**What you have to do**.
Could every line below be transcribed exactly, with the pictures dropped?

**Information provided**.
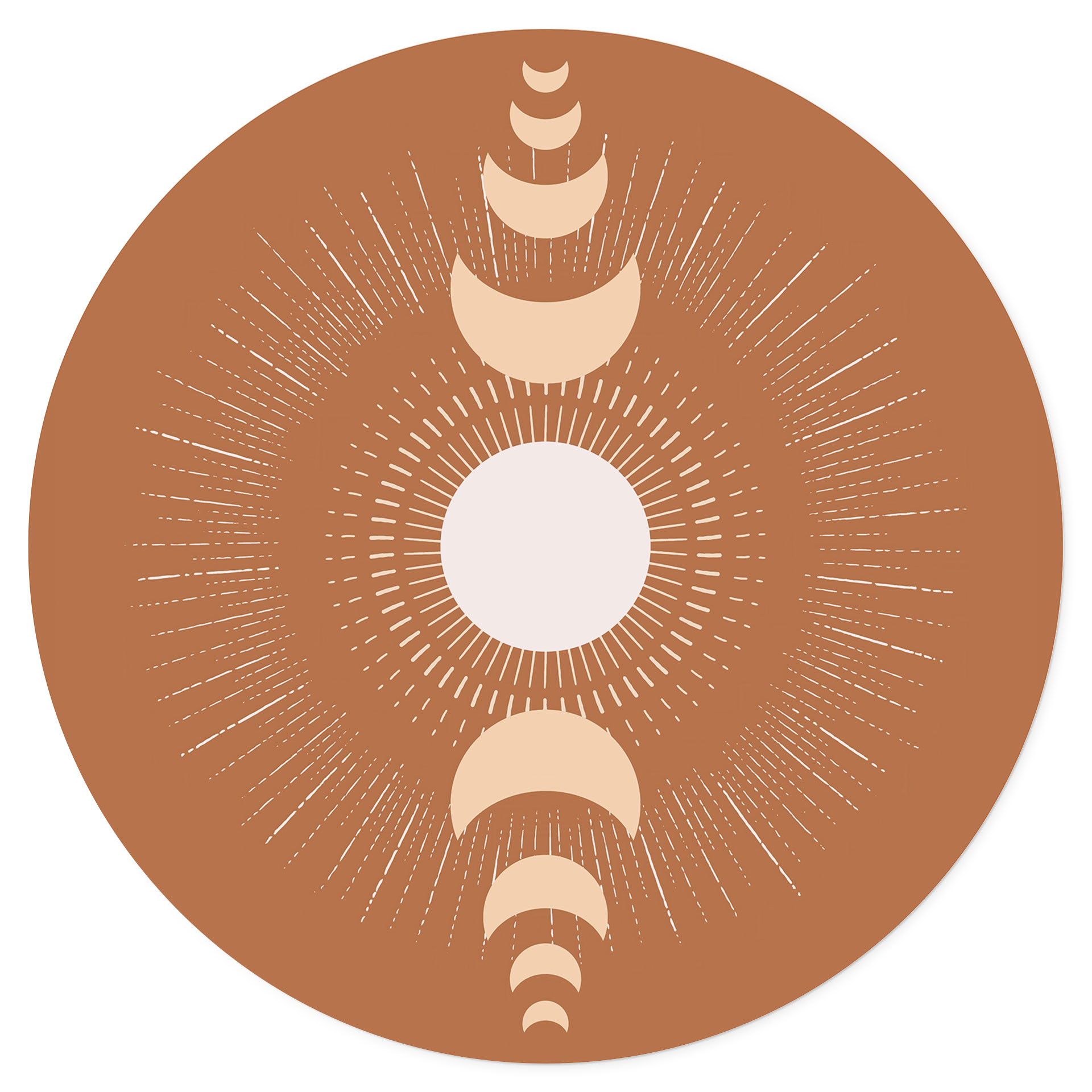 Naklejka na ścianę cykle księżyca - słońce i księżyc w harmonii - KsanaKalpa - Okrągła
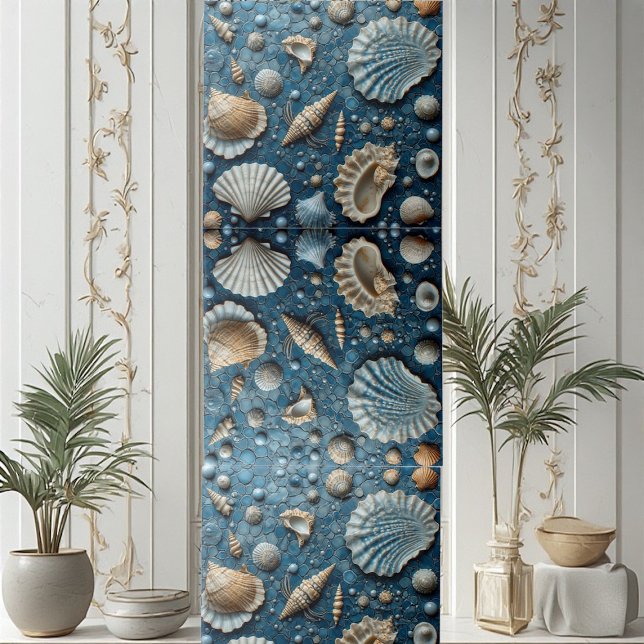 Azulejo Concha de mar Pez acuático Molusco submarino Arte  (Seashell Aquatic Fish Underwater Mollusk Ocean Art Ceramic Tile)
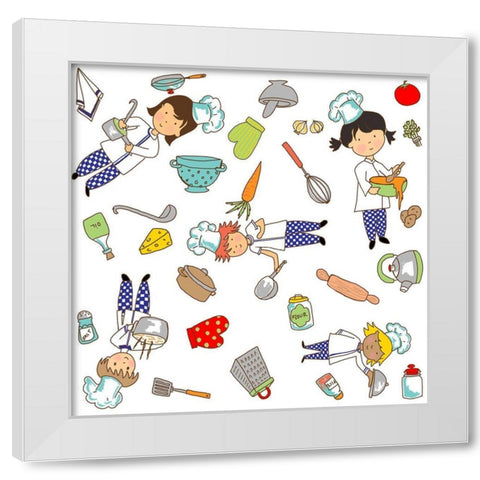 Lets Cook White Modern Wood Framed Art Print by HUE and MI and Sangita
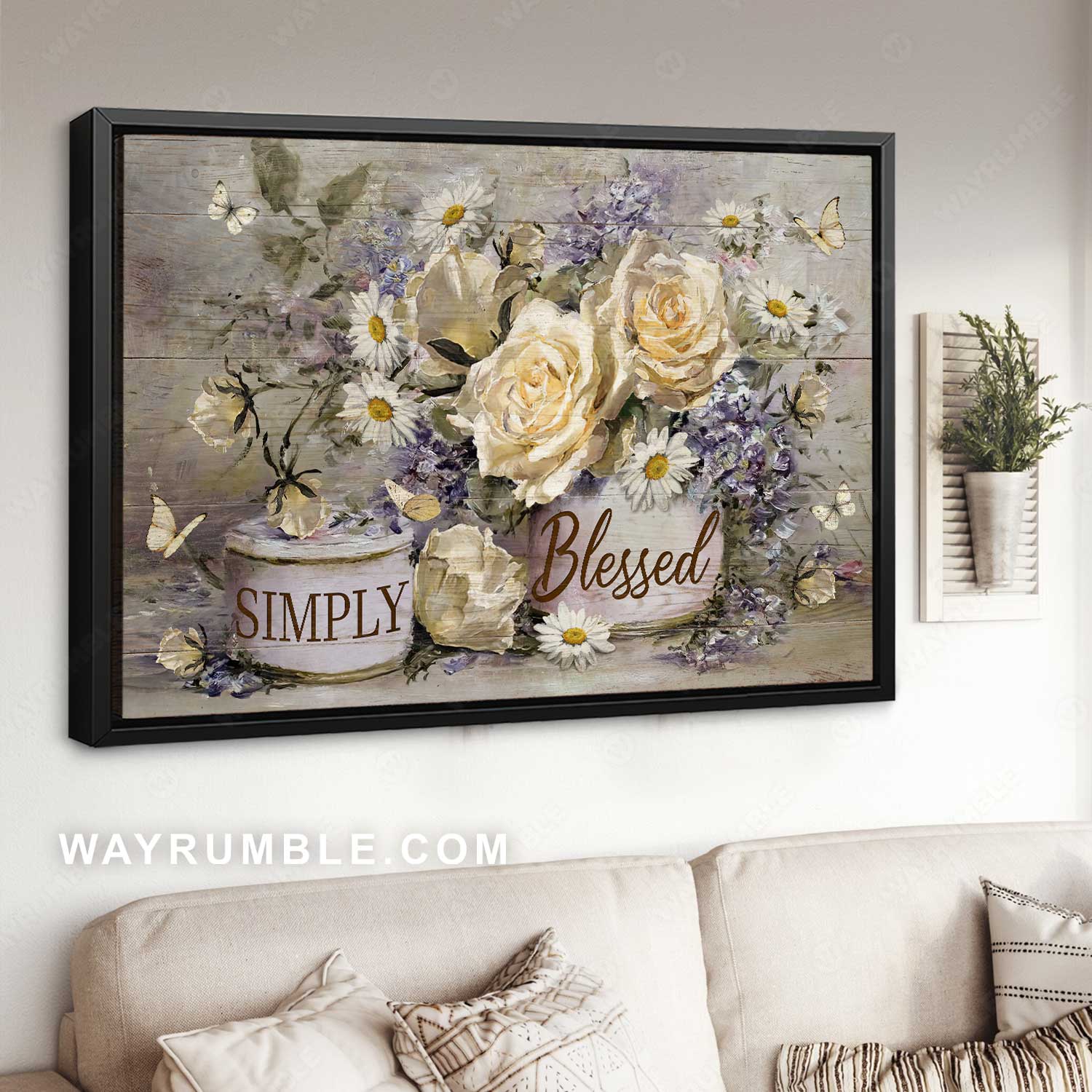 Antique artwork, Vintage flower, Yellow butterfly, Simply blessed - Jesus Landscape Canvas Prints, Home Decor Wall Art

**Answer for this exercise**.
 Naklejka na ścianę cykle księżyca - słońce i księżyc w harmonii - KsanaKalpa - Okrągła
 Azulejo Concha de mar Pez acuático Molusco submarino Arte  (Seashell Aquatic Fish Underwater Mollusk Ocean Art Ceramic Tile)
 Lets Cook White Modern Wood Framed Art Print by HUE and MI and Sangita
 Antique artwork, Vintage flower, Yellow butterfly, Simply blessed - Jesus Landscape Canvas Prints, Home Decor Wall Art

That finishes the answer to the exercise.